Six matched pairs of human humeri received either a 10-hole broad dynamic compression plate or a locked antegrade inserted humeral nail applied to a humeral diaphyseal osteotomy with a 1.5-cm gap defect. The bone-implant humeral constructs were axially loaded for 10,000 cycles at 250 N and 500 N, with measurements of gap displacement and calculation of construct stiffness. The specimens were then loaded to failure.

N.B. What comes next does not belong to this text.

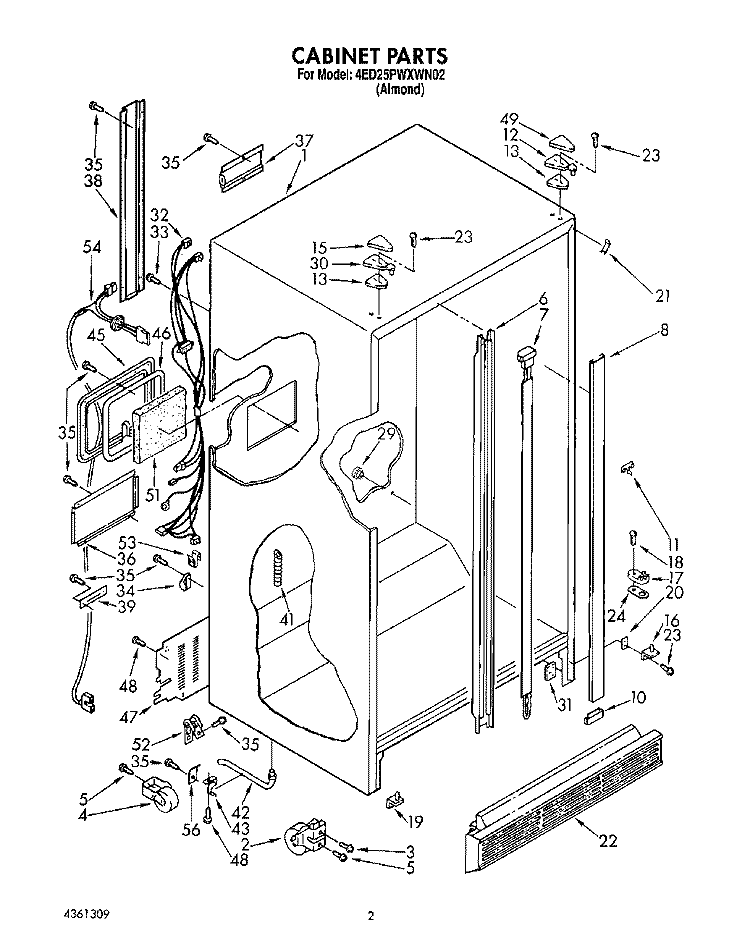 CABINET Diagram and Parts List for 4ED25PWXWN02  Whirlpool Refrigerator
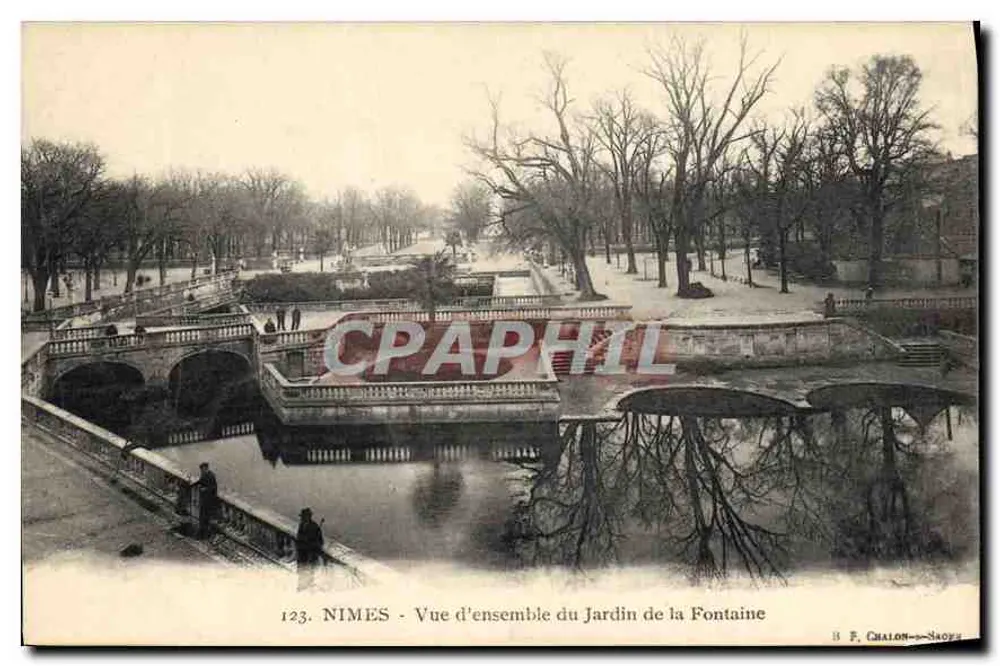 Nîmes - Übersicht des Jardins de la Fontaine — P. Chalon-Noyes, Nr. 123 - Vorderseite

Cyclic loading showed no difference between the two groups for average gap displacement or construct stiffness. The intramedullary nail constructs failed by humeral shaft splitting (n = 4) or head cut-out (n = 2) at an average of 958.3 N, whereas the plate constructs failed by humeral shaft splitting and screw pull-out (n = 3) or plate bending (n = 3) at an average of 641.7 N (p < 0.001).
Although both methods offer similar fixation stability under physiologic loads, the higher load to failure demonstrated by intramedullary nail fixation may have implications for the patient with multiple injuries for whom partial weightbearing on the injured upper extremity may be necessary.
本研究比较了两种治疗肱骨干骨折合并节段性骨缺损的方法在周期性生理负荷下的固定稳定性。
六对匹配的人体肱骨,分别采用10孔宽动力加压钢板或锁定顺行插入式肱骨钉,应用于肱骨干截骨并造成1.5厘米间隙缺损的情况。将骨-植入物肱骨结构在250牛和500牛的轴向负荷下加载10000次循环,测量间隙位移并计算结构刚度。然后将标本加载至破坏。
循环加载显示两组在平均间隙位移或结构刚度方面无差异。髓内钉结构平均在958.3牛时因肱骨干劈裂(n = 4)或头部穿出(n = 2)而失效,而钢板结构平均在641.7牛时因肱骨干劈裂和螺钉拔出(n = 3)或钢板弯曲(n = 3)而失效(p < 0.001)。
虽然两种方法在生理负荷下提供相似的固定稳定性,但髓内钉固定所显示的更高破坏负荷可能对有多处损伤且可能需要在受伤上肢部分负重的患者有意义。